After missing deadline, opponents file suit to stop measure

After missing deadline, opponents file suit to stop measure

Michele Ellson

Updated at 3:49 p.m. Friday, March 23

Opponents of a proposed half-cent sales tax have filed a suit to try to get the measure yanked from the June 5 ballot after failing to hand in their ballot argument on time.

In a writ filed Friday in Alameda County Superior Court, an attorney for opponent Liz Williams argued that the city didn’t offer the public enough time to consider Measure C or turn in ballot arguments on the measure, and they questioned the accuracy of the ballot language. They want a judge to take the measure off the ballot, require the city to change the ballot language and require their opposition argument be included with the proponents’ argument in favor, which was submitted on time.

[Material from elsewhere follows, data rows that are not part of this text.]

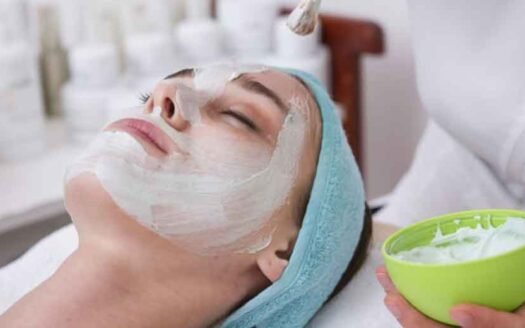 Setting Realistic Goals for a Professional Beauty Path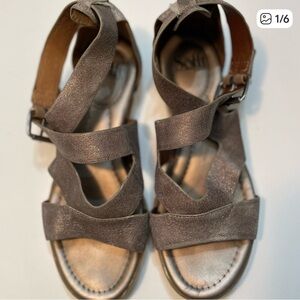 Sofft Strappy Metallic Gray Sandals Size 8M SB-1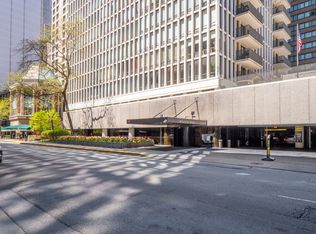 200 E Delaware Pl #8C-9C, Chicago, IL 60611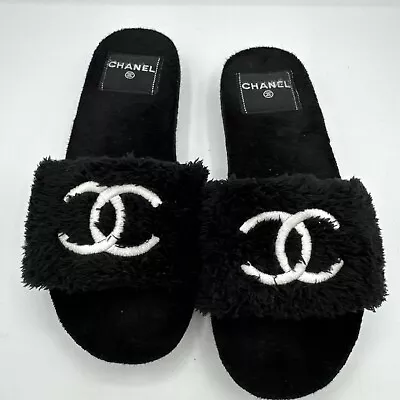 Chanel Furry Slides Slippers 39 Black & White • $299.99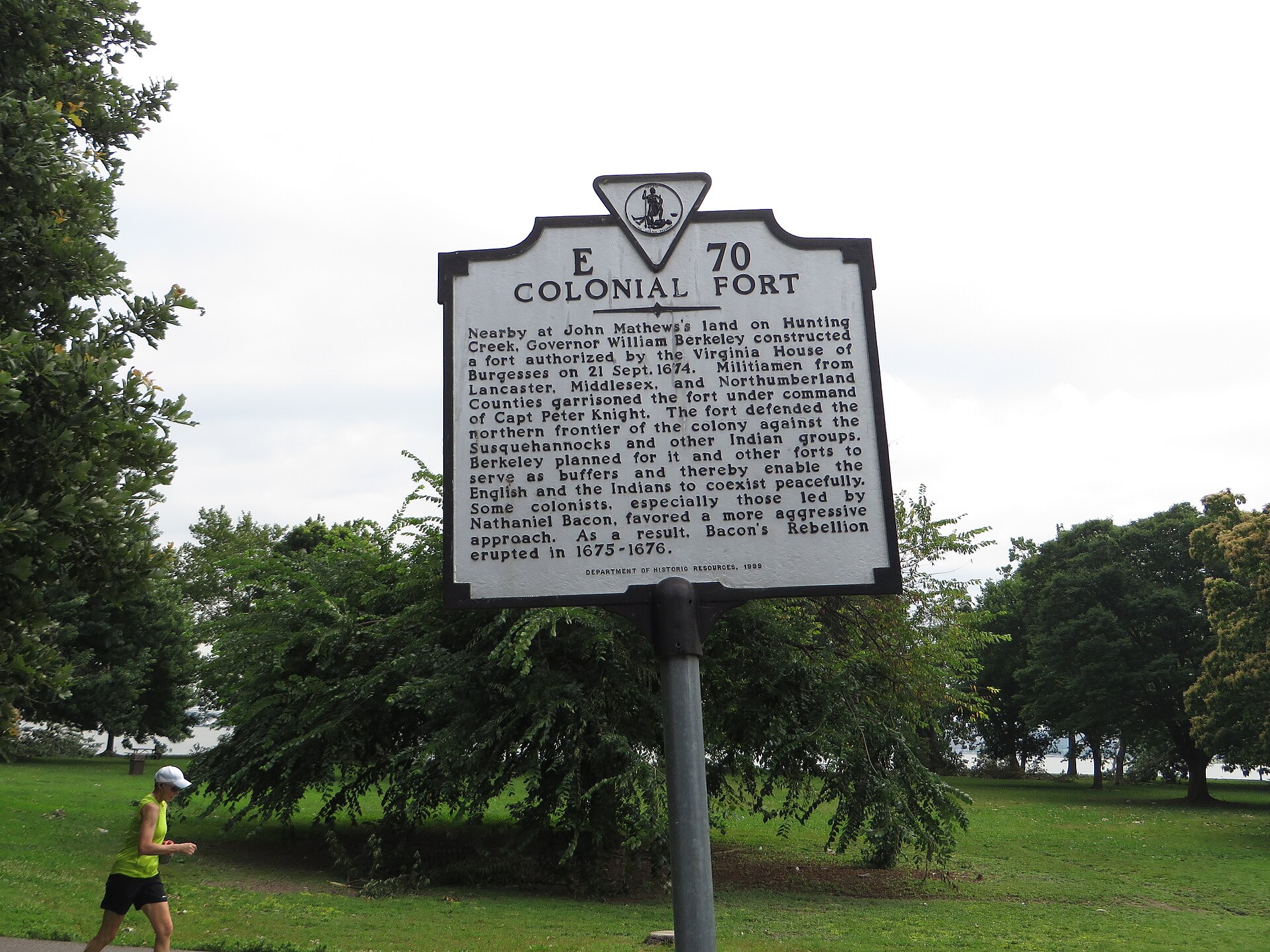 The Virginia historical marker for the Colonial Fort in Belle Haven.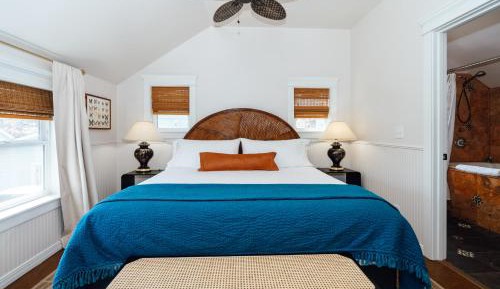 Deluxe Suite with Spa Bath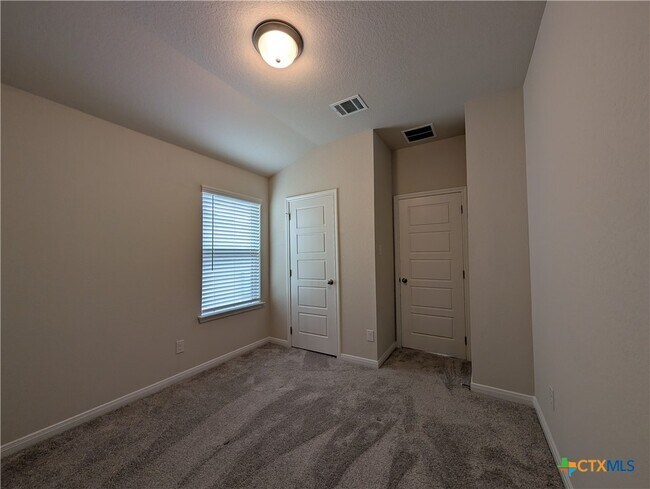Building Photo - 3069 Charyn Wy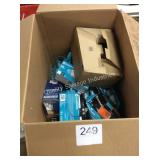 1 CTN ASST LIGHT BULBS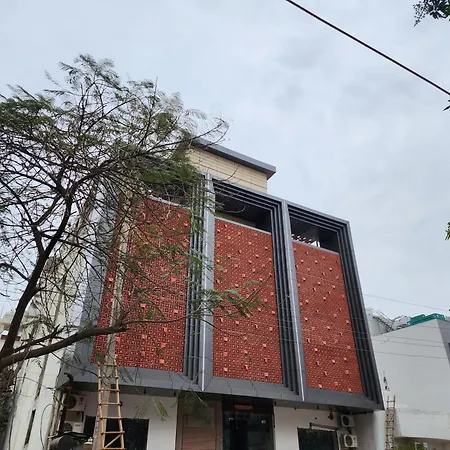 Square 9 Inn - A Boutique Hotel-3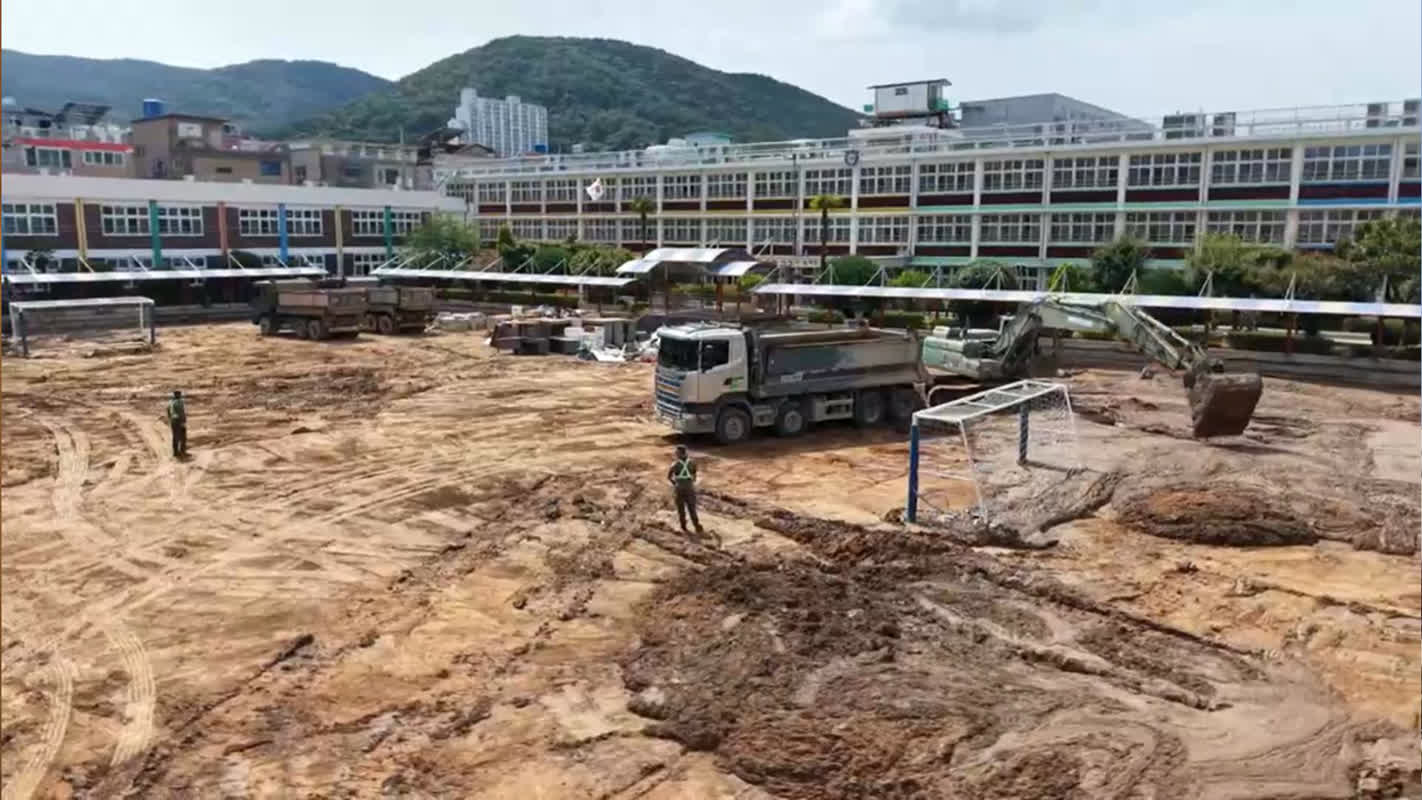 호우 피해로 개학 연기…폭염에도 복구 총력전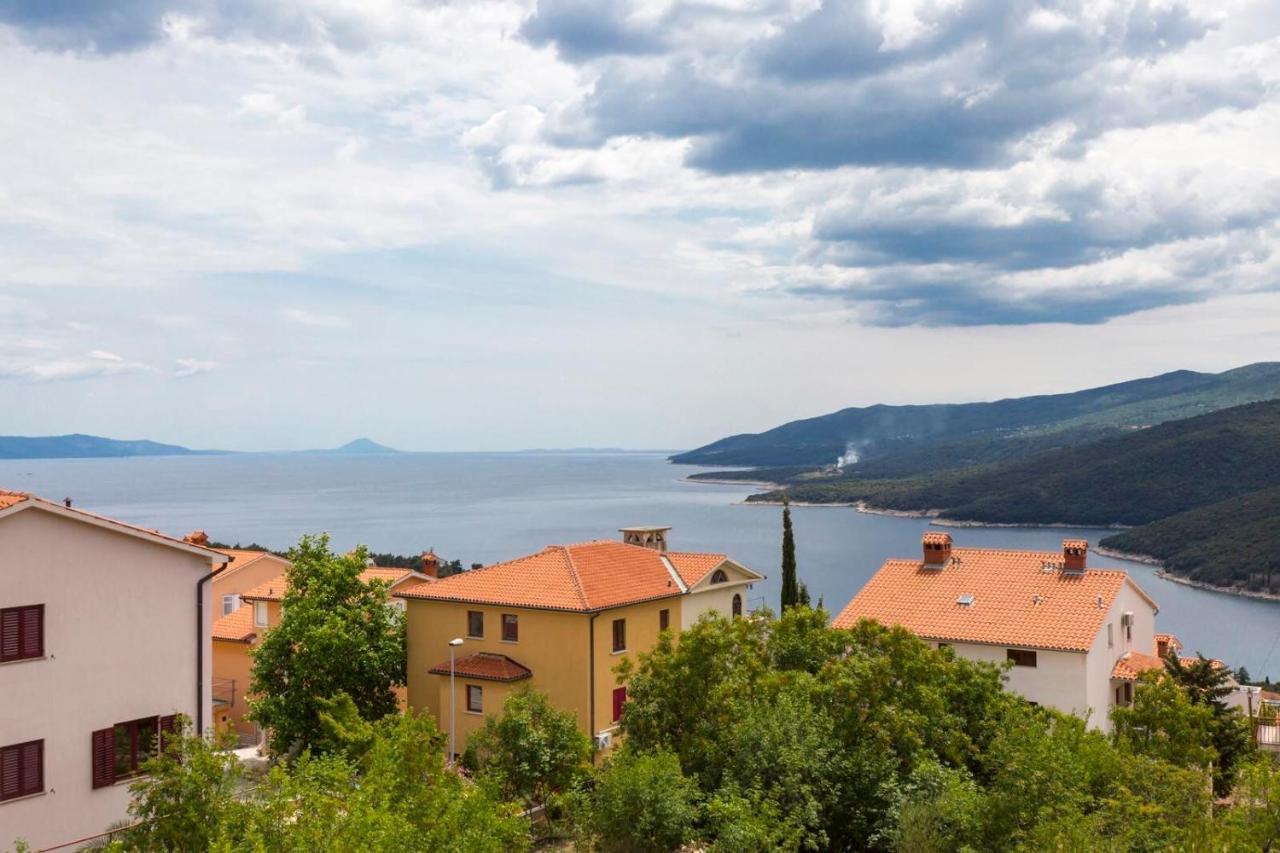Apartment Aquamarine Рабац Экстерьер фото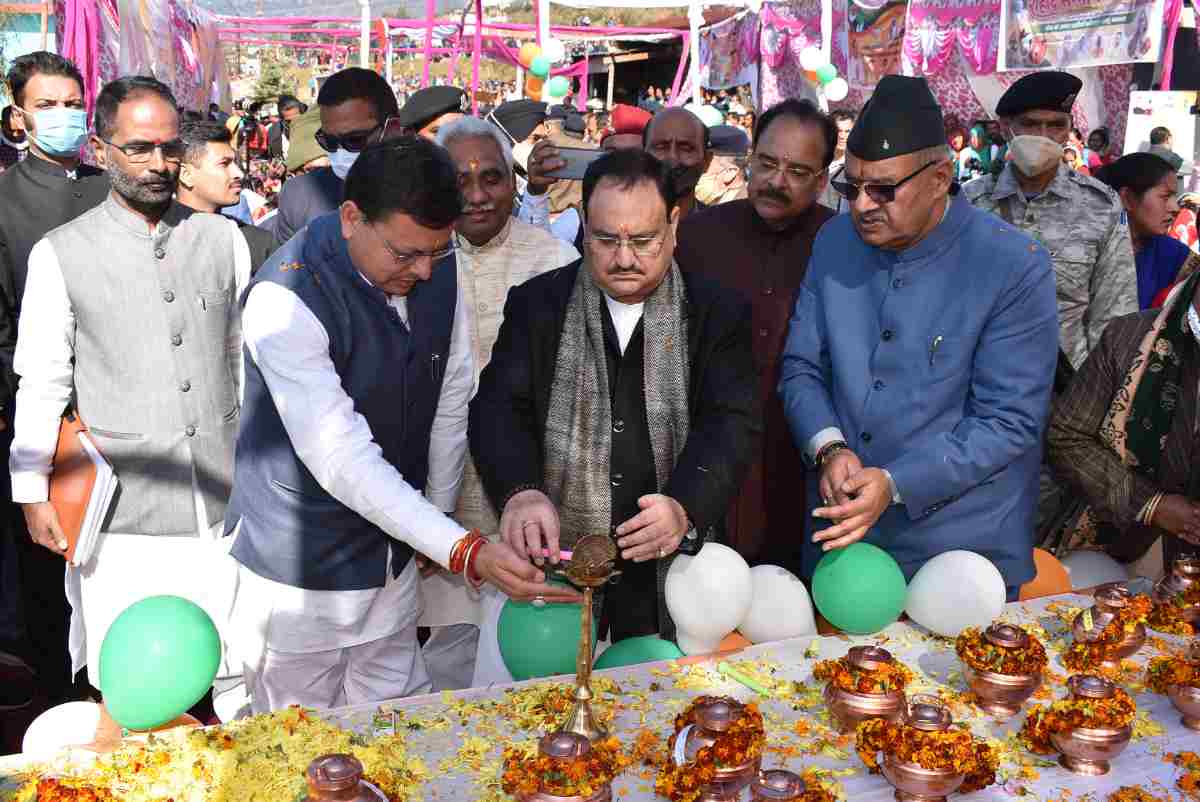 चमोली जिले के सवाड़ गांव से ‘‘शहीद सम्मान यात्रा’’ का सीएम धामी और जेपी नड्डा ने किया शुभारंभ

Opponents asked to submit their argument Monday but were rebuffed because it was past the deadline, they said in the court filing, and City Clerk Lara Weisiger confirmed in an e-mail to them Thursday that the city had no plans to withdraw or amend the measure. A hearing is scheduled for April 18, though opponents have asked for an earlier date, saying ballot materials are to be printed in early April.

Neither proponents nor opponents of the measure would comment on the suit.

A spokesperson for opponents of the tax said last week they’d be considering their legal options after they learned they had missed the deadline for submitting their ballot argument and that they had delivered it to the wrong agency. David Howard said the Alameda County Registrar of Voters accepted opponents’ ballot argument on March 16, then called later to try to get them to take it back; county election officials did not return a call seeking comment last week.

A staff report submitted to the City Council for the March 7 hearing where council members voted unanimously to put the tax on the ballot said arguments were due to the City Clerk on March 15.

The proposed tax hike would generate an estimated $54 million over 30 years, and proponents have said the money would be used to cover a list of building and equipment costs, including a new swim center, renovations to the Carnegie Library, a new mid-Island fire station with an emergency operations center, city vehicles and equipment.